The Taoiseach said he had spoken to DUP leader Arlene Foster about the incident and had received a briefing from Irish Justice Minister Charlie Flanagan.
“We’re going to make sure that Garda resources are put behind this, that there’s co-operation between the Garda and the PSNI,” said Mr Varadkar.
“What we really need here is arrests and convictions.”
Earlier, Mr Coveney told the Dail: “We cannot allow this type of brutal intimidation which is a reminder of the kind of gangland or paramilitary punishment beatings of the past. I don’t say that lightly.
“There is an obligation on communities living in the area. There are many people who know who these people are and know who is behind the brutality, intimidation and total lawlessness in terms of what happened.
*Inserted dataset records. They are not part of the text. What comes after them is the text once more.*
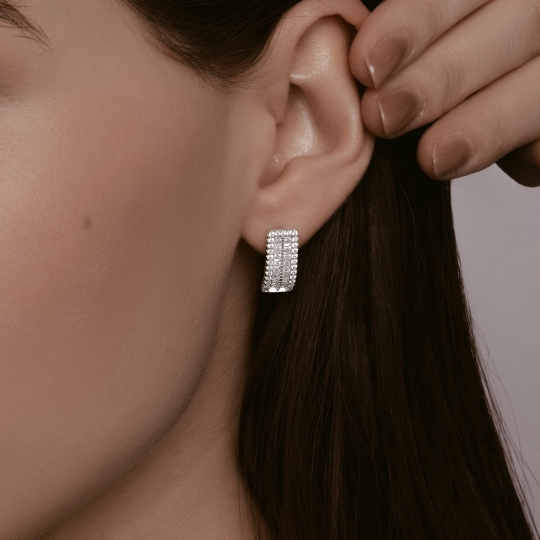 Кольцо из серебра с фианитами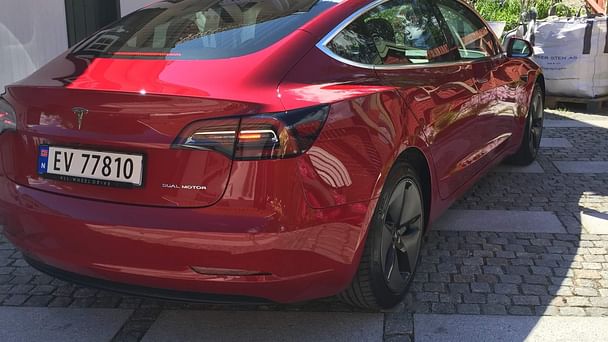 Tesla Model 3 med Vinterdekk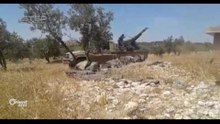 Li gundewarê Hemayê rêjîm bajarê Letamnê bi giranî topbaran dike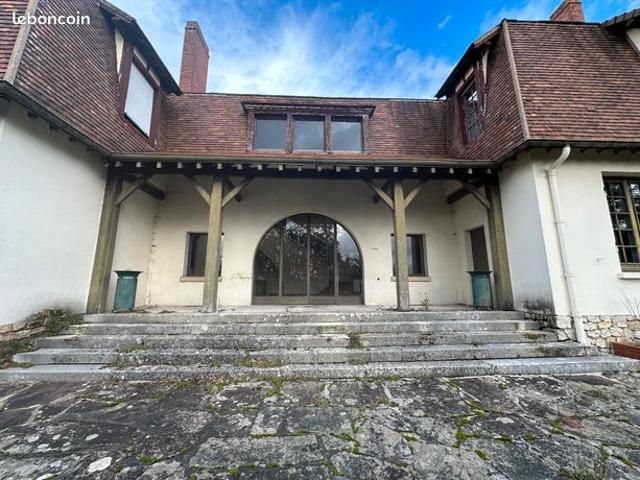 Domaine de 2 ha à vendre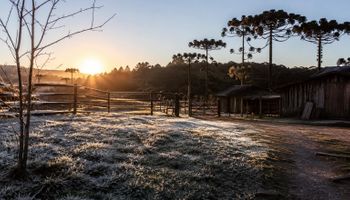 Chuva intensa de um lado e frio de outro: previsão divide o Brasil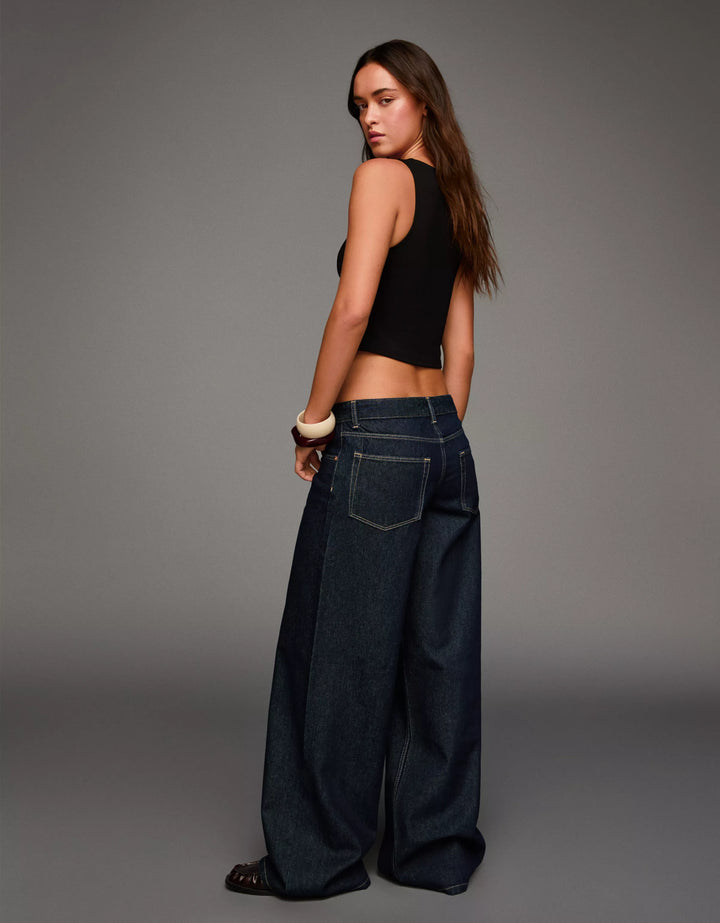 Top BERSHKA, negru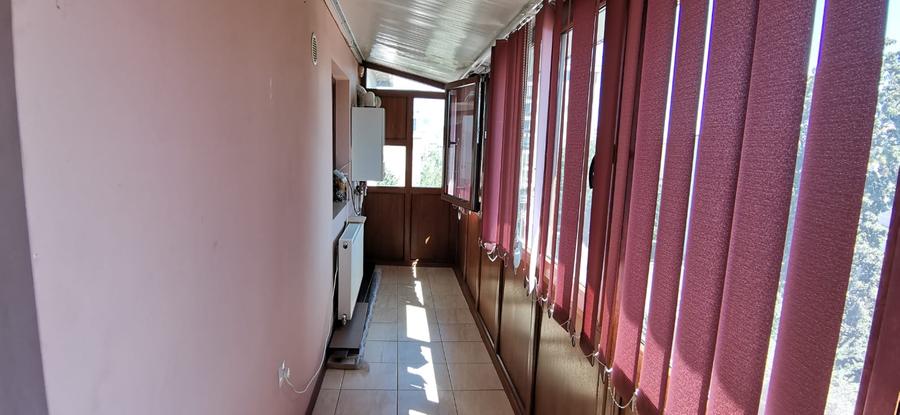 Apartament 2 camere,decomandat,zona Liliacului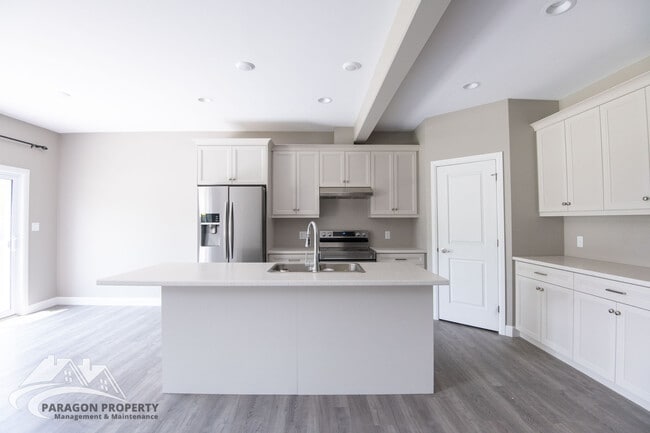 Photo - 50 Llydican Ave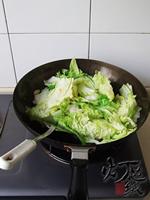 鱿鱼豆腐炖白菜的做法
They need to come forward to the PSNI and Garda if they have any information.”
Other directors of QIH have been the targets of several attacks and acts of intimidation in Co Cavan and Co Fermanagh in recent years.
Mr Coveney added: “This was a shocking incident that I think a lot of people across the country are talking about.
“A completely innocent person coming home from work and getting rammed by a car and then brutally pulled from his car by a masked gang of men and taken across the border in a way that will potentially induce life-changing injuries both mentally and physically, and then left in a ditch.
“This is not what people living in the border counties want or expect and they need to work with both An Garda Siochana and the PSNI to stamp it out and respond to what, quite frankly, could have been a man’s death.”
He said “no stone will be left unturned by An Garda Siochana and the PSNI”.
“The relationship between the PSNI and An Garda is stronger now than it has ever been and this will be a case they will work very closely on,” he said.
Fianna Fail TD Dara Calleary said there “appeared to be a complacency in policing” in dealing with the spate of attacks.
Mr Coveney said the number of gardai in the border region where the attack took place has increased by 150 to 1,500 since the end of 2017 and there will be an armed support unit established in Co Cavan.